(Dataset entries)

Start of Block

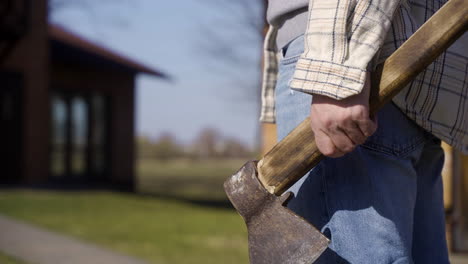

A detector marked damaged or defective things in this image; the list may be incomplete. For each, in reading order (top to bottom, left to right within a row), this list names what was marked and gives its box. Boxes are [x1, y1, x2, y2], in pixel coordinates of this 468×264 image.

rusty axe head [224, 162, 330, 262]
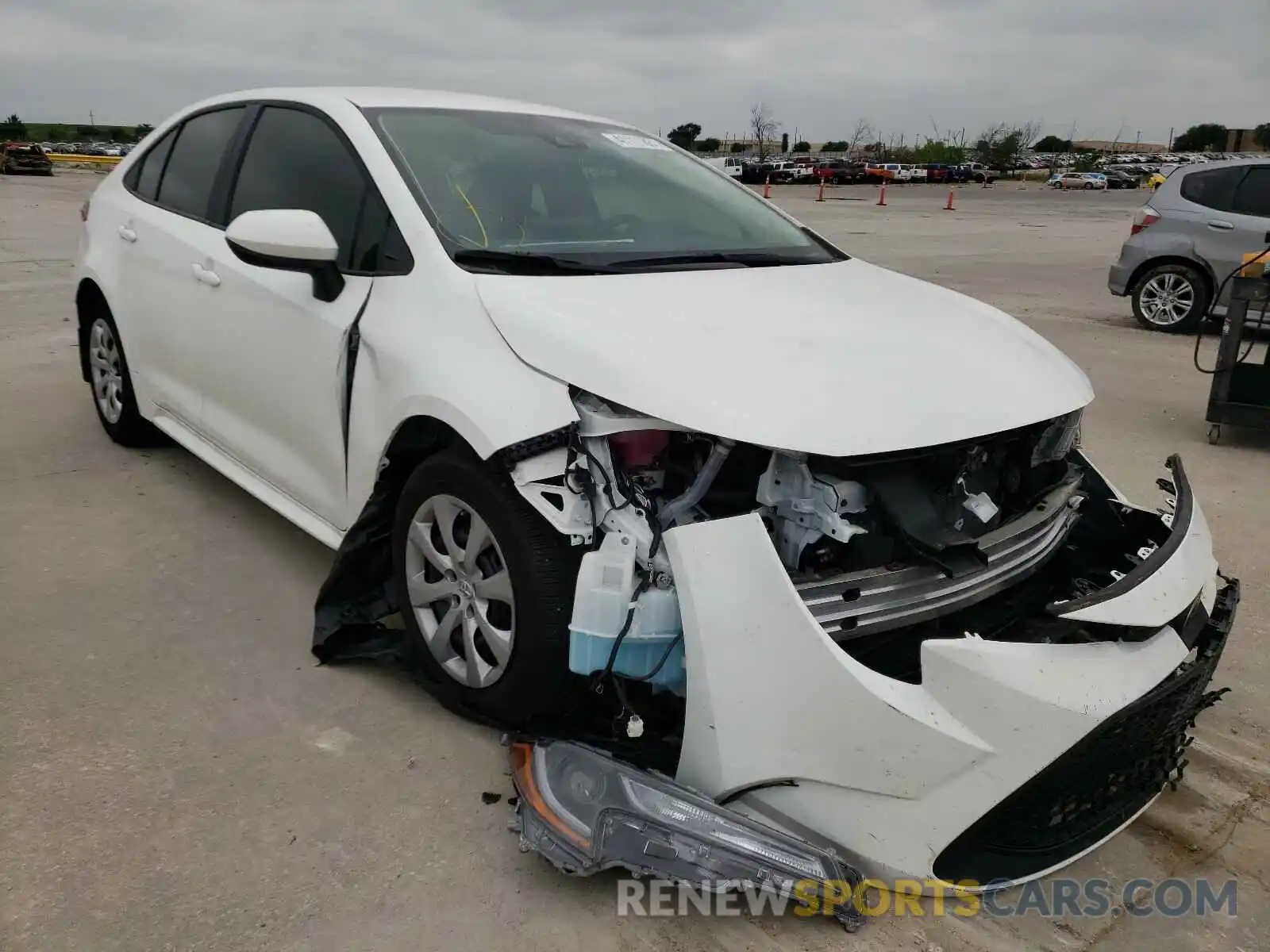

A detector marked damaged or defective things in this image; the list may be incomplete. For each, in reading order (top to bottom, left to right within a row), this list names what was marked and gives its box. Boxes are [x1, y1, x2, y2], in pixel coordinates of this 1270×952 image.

crumpled hood [473, 259, 1092, 457]
exposed headlight [1029, 409, 1080, 470]
crashed front end [502, 392, 1238, 895]
detached bumper [660, 457, 1238, 889]
exposed headlight [505, 739, 864, 927]
broken plastic panel [511, 739, 870, 933]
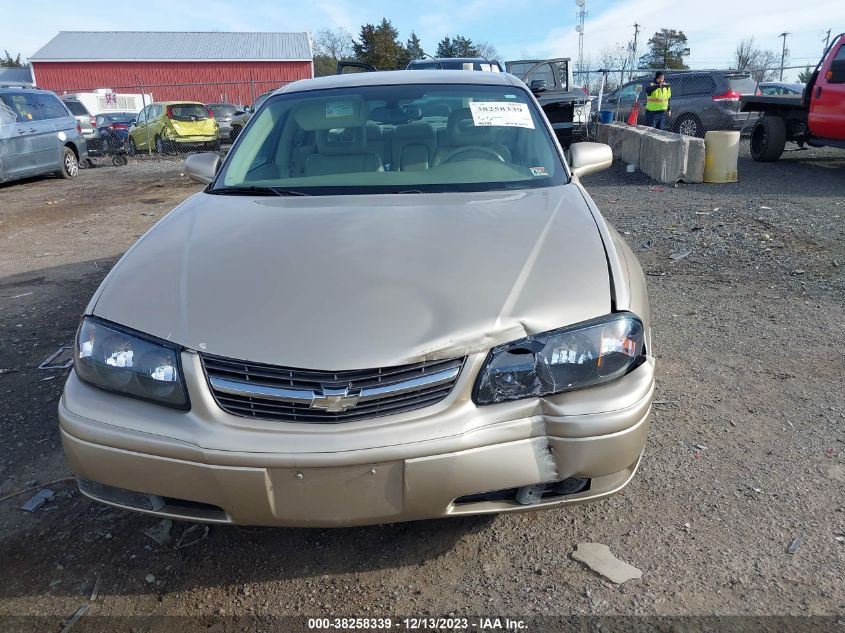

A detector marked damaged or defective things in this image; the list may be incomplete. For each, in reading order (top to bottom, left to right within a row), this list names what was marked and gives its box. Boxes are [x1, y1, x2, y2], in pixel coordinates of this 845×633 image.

cracked headlight [73, 316, 189, 410]
damaged chevrolet impala [59, 69, 652, 524]
dented bumper [59, 350, 652, 524]
cracked headlight [472, 314, 644, 408]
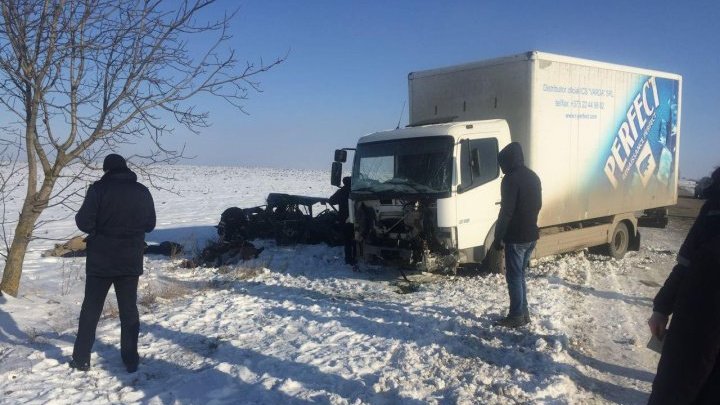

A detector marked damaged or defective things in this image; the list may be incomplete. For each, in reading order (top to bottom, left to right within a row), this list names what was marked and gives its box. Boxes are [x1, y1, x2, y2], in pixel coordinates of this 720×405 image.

broken windshield [352, 136, 452, 197]
damaged truck cab [344, 120, 512, 272]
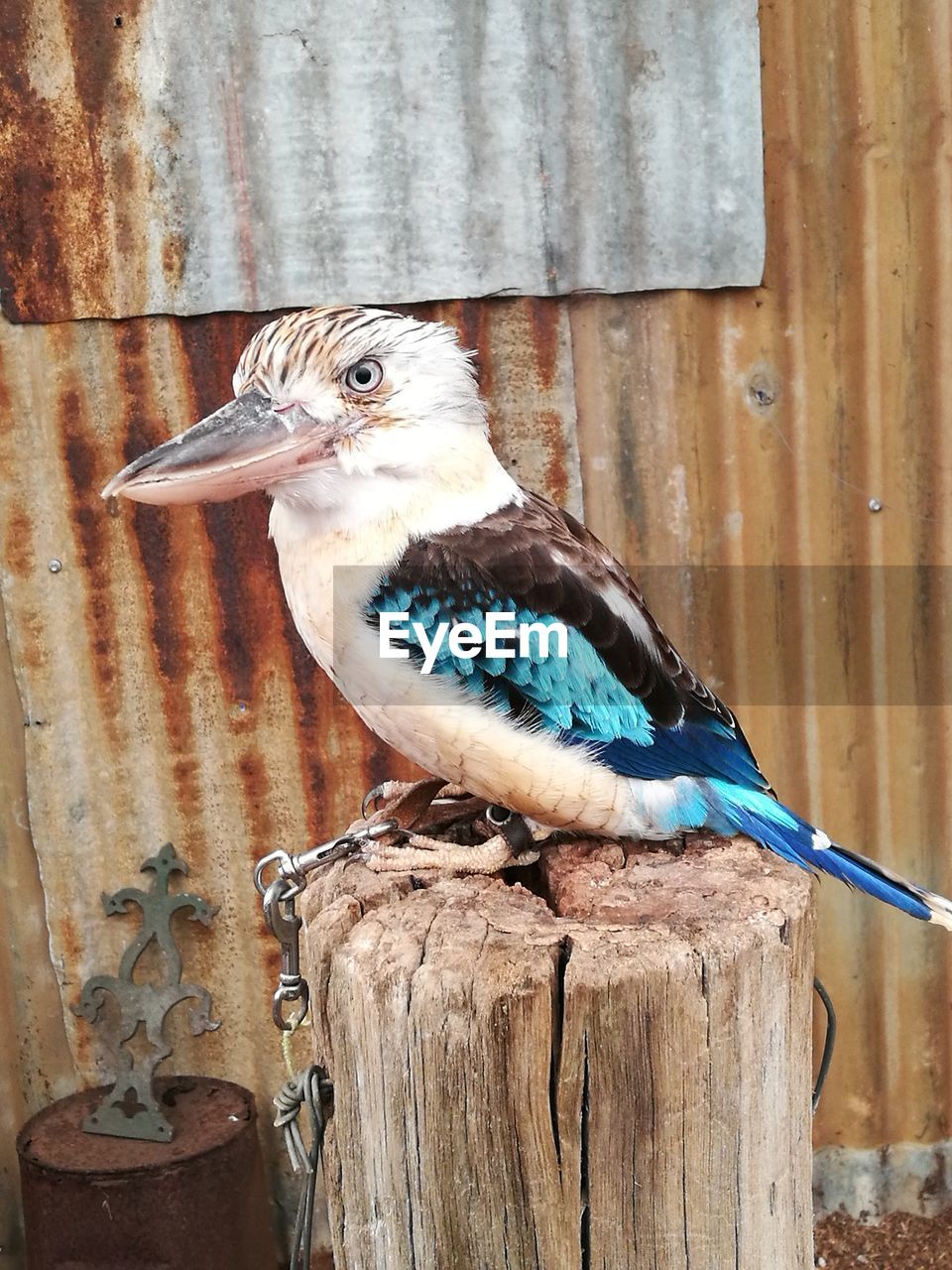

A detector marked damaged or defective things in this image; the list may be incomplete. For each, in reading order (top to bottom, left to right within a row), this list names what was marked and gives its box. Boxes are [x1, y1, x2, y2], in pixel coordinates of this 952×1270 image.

rusty metal sheet [0, 2, 767, 319]
rusty metal sheet [0, 300, 581, 1259]
rusty metal cylinder [17, 1077, 279, 1270]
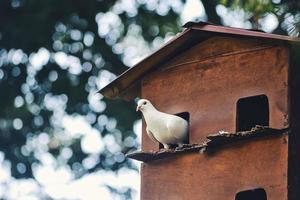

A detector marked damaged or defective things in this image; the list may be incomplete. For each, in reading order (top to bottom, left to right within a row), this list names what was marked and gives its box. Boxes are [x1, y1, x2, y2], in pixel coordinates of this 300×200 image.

rusty brown surface [99, 22, 298, 100]
rusty brown surface [126, 126, 286, 162]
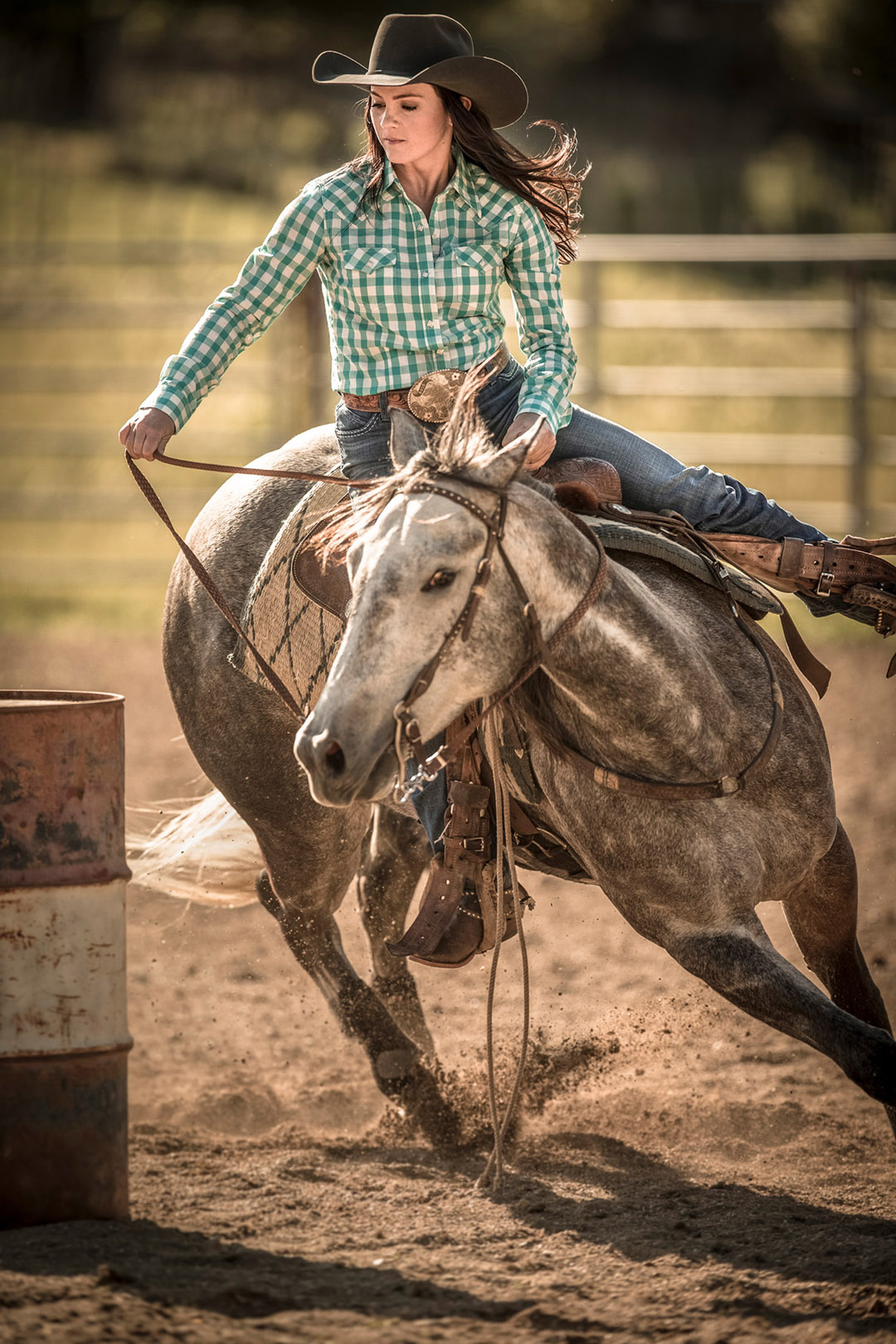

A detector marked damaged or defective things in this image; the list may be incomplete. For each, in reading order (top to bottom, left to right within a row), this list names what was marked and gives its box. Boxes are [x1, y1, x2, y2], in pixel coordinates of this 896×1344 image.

rusty steel barrel [0, 690, 132, 1228]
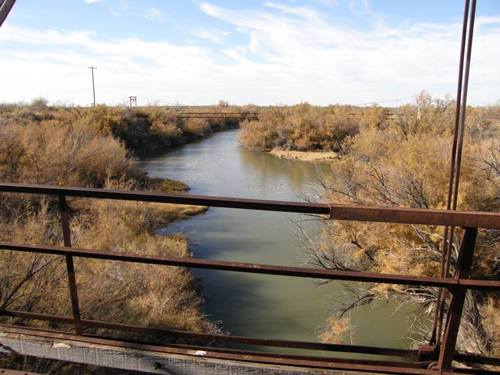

End of Block

### Aim of the task
Omit the pictures and print again exactly the lines from the one with "this 720×405 image." through the final line of the entries, both ends included.

### Response below
A detector marked damaged or defective things in this image; the list may be incomplete. For each, in reading order (top to bottom, left to right within a row), this list names what was marked and gives its box. Boxes are [x1, y1, x2, y2], in pixel coordinates of this 720×405 image.

broken windshield [352, 136, 452, 197]
damaged truck cab [344, 120, 512, 272]

A detector marked damaged or defective things in this image; the list may be incomplete. For each, in reading order (top to bottom, left to right within a row), this list names what was marked and gives its box. Boxes are [x1, y1, x2, y2], in pixel coordinates of this 952×1270 image.

rusty metal sheet [0, 2, 767, 319]
rusty metal sheet [0, 300, 581, 1259]
rusty metal cylinder [17, 1077, 279, 1270]

A detector marked damaged or defective things in this image; the list may be incomplete. For each, in reading order (top to bottom, left to right within a row), this list names what was marked and gives its box. Boxes are [x1, y1, x2, y2], in pixel coordinates of this 300×200 image.

rusty brown surface [99, 22, 298, 100]
rusty brown surface [126, 126, 286, 162]

A detector marked damaged or defective things in this image; the list may be incomplete. For each, in reading order (top to bottom, left to right within a row), this list names what was marked and gives its box. Boxes are [x1, y1, x2, y2], in pixel coordinates of this 896×1344 image.

rusty steel barrel [0, 690, 132, 1228]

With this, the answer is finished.